Reputation: 31
I try to use post data in Big5 and get the like:
<!DOCTYPE HTML PUBLIC "-//W3C//DTD HTML 4.01 Transitional//EN">
<html lang="zh-TW">
The java statement is like:
Document docs = Jsoup.connect(param)
.timeout(30000)
.postDataCharset("Big5")
.data("syear","104")
.data("smonth","6")
.data("sday","30")
.data("eyear","104")
.data("emonth","7")
.data("eday","17")
.data("SectNO", "不限科別")
.data("EmpNO", "不限醫生")
.post();
How to set charset for sending data to get response?
Upvotes: 1
Views: 953
Reputation: 43053
As of Jsoup 1.8.3, postDataCharset()
sets the charset of data posted.
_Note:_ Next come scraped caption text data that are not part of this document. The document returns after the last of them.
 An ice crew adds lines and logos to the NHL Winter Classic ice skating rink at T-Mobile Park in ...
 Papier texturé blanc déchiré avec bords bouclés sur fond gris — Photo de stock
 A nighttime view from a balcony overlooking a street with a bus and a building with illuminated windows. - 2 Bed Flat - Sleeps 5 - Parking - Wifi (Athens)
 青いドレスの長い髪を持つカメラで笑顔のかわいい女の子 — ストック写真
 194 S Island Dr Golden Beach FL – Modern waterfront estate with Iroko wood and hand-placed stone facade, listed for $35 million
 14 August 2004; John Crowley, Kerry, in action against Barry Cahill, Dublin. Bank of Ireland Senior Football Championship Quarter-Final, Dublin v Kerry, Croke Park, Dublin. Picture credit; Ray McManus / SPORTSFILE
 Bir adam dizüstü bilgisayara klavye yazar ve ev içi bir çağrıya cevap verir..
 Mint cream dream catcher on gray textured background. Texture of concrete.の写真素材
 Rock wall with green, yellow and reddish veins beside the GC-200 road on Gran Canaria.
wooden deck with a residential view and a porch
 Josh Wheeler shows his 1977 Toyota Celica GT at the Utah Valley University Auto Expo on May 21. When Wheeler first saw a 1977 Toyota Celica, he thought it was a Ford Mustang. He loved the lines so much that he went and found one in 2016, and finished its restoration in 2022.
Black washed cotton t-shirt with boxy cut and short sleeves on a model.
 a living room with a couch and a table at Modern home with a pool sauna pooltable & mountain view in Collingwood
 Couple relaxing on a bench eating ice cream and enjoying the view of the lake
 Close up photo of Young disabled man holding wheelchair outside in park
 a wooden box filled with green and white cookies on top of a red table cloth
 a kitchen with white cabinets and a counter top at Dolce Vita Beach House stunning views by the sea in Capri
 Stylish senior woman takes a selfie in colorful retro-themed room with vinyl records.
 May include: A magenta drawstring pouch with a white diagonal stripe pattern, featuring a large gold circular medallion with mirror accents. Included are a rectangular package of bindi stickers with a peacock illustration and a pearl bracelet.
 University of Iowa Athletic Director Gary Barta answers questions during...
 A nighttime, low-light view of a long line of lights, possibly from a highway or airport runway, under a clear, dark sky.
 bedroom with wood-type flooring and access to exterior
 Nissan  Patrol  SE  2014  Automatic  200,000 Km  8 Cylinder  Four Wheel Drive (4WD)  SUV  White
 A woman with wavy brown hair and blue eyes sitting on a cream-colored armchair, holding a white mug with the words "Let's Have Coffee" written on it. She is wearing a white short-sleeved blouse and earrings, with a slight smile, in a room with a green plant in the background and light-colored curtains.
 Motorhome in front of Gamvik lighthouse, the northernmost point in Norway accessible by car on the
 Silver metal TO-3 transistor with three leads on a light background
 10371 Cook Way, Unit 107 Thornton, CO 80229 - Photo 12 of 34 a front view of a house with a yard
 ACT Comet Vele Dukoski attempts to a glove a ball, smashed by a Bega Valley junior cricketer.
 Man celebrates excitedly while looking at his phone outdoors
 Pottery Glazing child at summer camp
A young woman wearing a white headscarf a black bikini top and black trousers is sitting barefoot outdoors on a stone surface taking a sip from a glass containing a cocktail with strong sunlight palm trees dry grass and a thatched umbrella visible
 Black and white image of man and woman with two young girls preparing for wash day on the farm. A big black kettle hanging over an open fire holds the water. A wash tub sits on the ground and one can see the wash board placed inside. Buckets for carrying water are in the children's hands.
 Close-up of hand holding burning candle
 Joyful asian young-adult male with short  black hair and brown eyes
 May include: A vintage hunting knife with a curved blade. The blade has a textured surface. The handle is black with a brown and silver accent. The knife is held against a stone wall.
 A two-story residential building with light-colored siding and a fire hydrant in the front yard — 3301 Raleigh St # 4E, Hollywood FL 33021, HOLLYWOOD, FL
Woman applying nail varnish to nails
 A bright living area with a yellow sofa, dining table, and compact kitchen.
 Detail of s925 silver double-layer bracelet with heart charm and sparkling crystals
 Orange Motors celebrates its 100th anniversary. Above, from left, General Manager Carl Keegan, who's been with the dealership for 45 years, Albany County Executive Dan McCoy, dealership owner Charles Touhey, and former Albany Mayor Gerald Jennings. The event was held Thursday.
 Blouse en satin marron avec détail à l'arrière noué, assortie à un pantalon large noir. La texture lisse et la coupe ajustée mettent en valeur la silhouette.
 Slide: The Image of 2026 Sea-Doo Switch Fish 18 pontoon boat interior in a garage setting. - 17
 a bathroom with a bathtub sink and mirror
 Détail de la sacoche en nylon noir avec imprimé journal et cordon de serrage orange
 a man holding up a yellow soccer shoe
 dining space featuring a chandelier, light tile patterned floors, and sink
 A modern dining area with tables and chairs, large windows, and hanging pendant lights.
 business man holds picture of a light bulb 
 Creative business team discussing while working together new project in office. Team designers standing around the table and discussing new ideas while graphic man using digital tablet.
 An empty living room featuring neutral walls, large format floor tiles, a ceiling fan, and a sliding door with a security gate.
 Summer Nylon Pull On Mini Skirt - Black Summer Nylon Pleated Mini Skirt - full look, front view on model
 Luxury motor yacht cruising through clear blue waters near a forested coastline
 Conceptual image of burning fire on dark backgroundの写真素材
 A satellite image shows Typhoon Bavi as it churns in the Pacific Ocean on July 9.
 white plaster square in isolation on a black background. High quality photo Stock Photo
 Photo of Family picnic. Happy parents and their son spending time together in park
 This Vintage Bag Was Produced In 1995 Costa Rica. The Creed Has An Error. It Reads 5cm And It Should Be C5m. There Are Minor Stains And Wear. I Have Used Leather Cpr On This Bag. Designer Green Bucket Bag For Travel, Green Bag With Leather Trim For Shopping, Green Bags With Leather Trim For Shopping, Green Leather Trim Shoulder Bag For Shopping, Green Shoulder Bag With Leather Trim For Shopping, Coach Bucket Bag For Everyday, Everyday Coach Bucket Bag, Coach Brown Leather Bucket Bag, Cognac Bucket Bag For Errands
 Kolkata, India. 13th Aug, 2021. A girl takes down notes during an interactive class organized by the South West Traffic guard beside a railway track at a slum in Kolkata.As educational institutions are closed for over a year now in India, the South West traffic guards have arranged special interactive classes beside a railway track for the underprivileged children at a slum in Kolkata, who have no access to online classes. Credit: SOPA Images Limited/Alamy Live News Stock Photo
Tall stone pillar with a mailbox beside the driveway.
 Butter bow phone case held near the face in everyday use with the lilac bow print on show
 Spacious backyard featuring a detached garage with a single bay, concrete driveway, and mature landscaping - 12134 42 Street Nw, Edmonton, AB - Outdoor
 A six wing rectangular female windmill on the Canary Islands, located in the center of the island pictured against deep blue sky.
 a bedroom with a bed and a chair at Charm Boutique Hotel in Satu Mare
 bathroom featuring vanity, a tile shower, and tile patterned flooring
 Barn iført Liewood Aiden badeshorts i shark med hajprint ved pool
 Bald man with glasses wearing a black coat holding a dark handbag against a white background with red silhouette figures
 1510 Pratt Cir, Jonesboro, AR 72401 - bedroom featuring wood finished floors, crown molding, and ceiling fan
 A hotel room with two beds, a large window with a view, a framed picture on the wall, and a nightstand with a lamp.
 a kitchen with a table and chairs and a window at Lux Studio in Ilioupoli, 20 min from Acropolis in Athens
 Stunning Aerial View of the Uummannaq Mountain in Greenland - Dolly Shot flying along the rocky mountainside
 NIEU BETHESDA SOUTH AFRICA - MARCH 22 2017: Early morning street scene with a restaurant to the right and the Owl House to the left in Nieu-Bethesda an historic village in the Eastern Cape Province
This charset isn't reused when it comes to parse the data read.
Instead, Jsoup tries to find somehow a meta http-equiv specifying the charset. If it can't find, it assumes by default that the charset is UTF-8. In your case, this assumption is wrong.
To workaround this, don't let Jsoup guess the data encoding for you. Here is how to do it:
// Let Jsoup fetch the data
Response res = Jsoup.connect(param) //
.timeout(30000) //
.postDataCharset("Big5") //
.data("syear", "104") //
.data("smonth", "6") //
.data("sday", "30") //
.data("eyear", "104") //
.data("emonth", "7") //
.data("eday", "17") //
.data("SectNO", "不限科別") //
.data("EmpNO", "不限醫生") //
.execute();
// Now, we tell it explicitly which encoding to use
Document docs = Jsoup.parse(
new String(res.bodyAsBytes(), "Big5"), //
param //
);
Upvotes: 0